• **Work request**:
Copy the data that follows exactly. Include no pictures.

• **Data provided**:
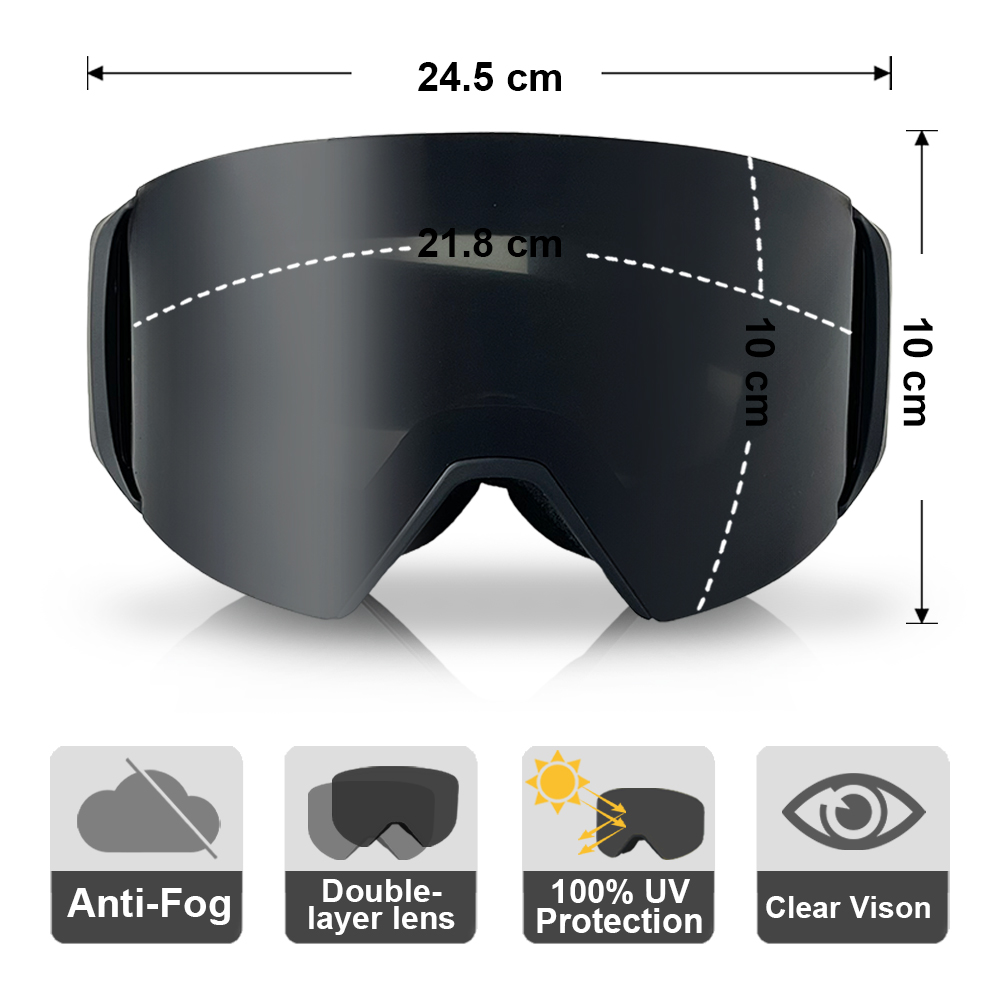 Snow Goggle Uv - Professional Ski Glasses Men Women Anti-fog
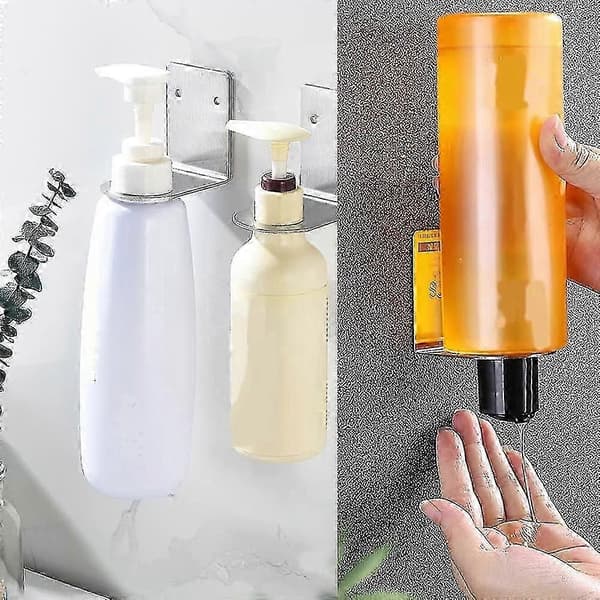 Väggmonterad tvåldispenser med handpump, vägghängande fäste A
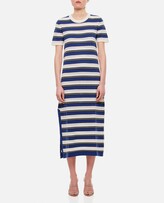 Cashmere Blend Striped Midi Dress 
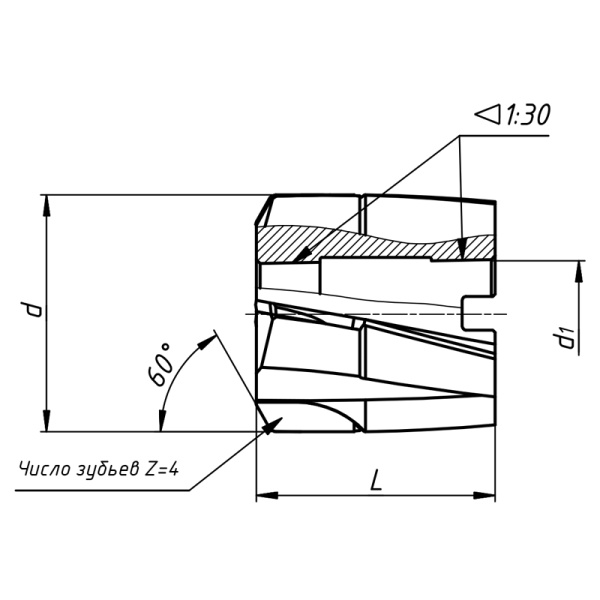 Зенкер насадной 34 ВК8 L=45мм dпос=16мм ГОСТ 3231-71 Сестрорецкий ИЗ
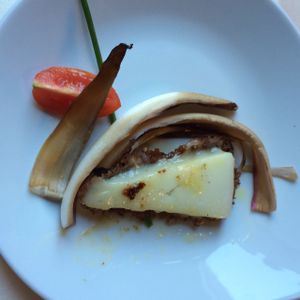 starter with goat cheese at Primorka Strunjan in Portoroz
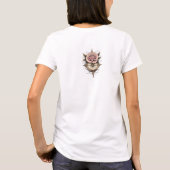 Rose Compass Tattoo Art T-Shirt (Rückseite)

• **Task answer**:
 Snow Goggle Uv - Professional Ski Glasses Men Women Anti-fog
 Väggmonterad tvåldispenser med handpump, vägghängande fäste A
 Cashmere Blend Striped Midi Dress 
 Зенкер насадной 34 ВК8 L=45мм dпос=16мм ГОСТ 3231-71 Сестрорецкий ИЗ
 starter with goat cheese at Primorka Strunjan in Portoroz
 Rose Compass Tattoo Art T-Shirt (Rückseite)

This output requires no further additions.